Task brief. Repeat each record below exactly as given.

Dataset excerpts
++++++++++

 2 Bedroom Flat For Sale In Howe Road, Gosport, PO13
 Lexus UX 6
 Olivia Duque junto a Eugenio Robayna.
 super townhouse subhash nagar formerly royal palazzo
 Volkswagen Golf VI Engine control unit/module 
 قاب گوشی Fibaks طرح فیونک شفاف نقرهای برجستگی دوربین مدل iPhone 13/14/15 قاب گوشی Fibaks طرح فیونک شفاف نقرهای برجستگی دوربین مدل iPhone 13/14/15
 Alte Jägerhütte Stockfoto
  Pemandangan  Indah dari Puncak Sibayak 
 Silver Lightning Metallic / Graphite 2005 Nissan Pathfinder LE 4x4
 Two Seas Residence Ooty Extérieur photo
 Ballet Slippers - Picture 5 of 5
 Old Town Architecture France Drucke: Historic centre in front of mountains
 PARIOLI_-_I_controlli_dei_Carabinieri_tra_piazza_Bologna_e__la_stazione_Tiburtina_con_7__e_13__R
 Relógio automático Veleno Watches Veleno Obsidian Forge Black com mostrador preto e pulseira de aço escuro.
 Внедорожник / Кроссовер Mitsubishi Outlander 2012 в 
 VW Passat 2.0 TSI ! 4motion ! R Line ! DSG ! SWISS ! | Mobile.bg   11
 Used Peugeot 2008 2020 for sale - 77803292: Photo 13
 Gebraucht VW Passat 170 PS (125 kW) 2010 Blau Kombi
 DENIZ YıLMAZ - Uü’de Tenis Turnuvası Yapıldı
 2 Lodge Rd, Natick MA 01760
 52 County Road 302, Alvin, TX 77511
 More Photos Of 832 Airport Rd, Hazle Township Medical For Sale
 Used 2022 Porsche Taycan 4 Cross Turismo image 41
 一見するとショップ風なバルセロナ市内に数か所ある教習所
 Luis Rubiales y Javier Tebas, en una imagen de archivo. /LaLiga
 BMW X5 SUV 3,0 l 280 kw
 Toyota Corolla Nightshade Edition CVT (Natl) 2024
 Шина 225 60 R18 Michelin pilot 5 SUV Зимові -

++++++++++

Exercise output.
 2 Bedroom Flat For Sale In Howe Road, Gosport, PO13
 Lexus UX 6
 Olivia Duque junto a Eugenio Robayna.
 super townhouse subhash nagar formerly royal palazzo
 Volkswagen Golf VI Engine control unit/module 
 قاب گوشی Fibaks طرح فیونک شفاف نقرهای برجستگی دوربین مدل iPhone 13/14/15 قاب گوشی Fibaks طرح فیونک شفاف نقرهای برجستگی دوربین مدل iPhone 13/14/15
 Alte Jägerhütte Stockfoto
  Pemandangan  Indah dari Puncak Sibayak 
 Silver Lightning Metallic / Graphite 2005 Nissan Pathfinder LE 4x4
 Two Seas Residence Ooty Extérieur photo
 Ballet Slippers - Picture 5 of 5
 Old Town Architecture France Drucke: Historic centre in front of mountains
 PARIOLI_-_I_controlli_dei_Carabinieri_tra_piazza_Bologna_e__la_stazione_Tiburtina_con_7__e_13__R
 Relógio automático Veleno Watches Veleno Obsidian Forge Black com mostrador preto e pulseira de aço escuro.
 Внедорожник / Кроссовер Mitsubishi Outlander 2012 в 
 VW Passat 2.0 TSI ! 4motion ! R Line ! DSG ! SWISS ! | Mobile.bg   11
 Used Peugeot 2008 2020 for sale - 77803292: Photo 13
 Gebraucht VW Passat 170 PS (125 kW) 2010 Blau Kombi
 DENIZ YıLMAZ - Uü’de Tenis Turnuvası Yapıldı
 2 Lodge Rd, Natick MA 01760
 52 County Road 302, Alvin, TX 77511
 More Photos Of 832 Airport Rd, Hazle Township Medical For Sale
 Used 2022 Porsche Taycan 4 Cross Turismo image 41
 一見するとショップ風なバルセロナ市内に数か所ある教習所
 Luis Rubiales y Javier Tebas, en una imagen de archivo. /LaLiga
 BMW X5 SUV 3,0 l 280 kw
 Toyota Corolla Nightshade Edition CVT (Natl) 2024
 Шина 225 60 R18 Michelin pilot 5 SUV Зимові -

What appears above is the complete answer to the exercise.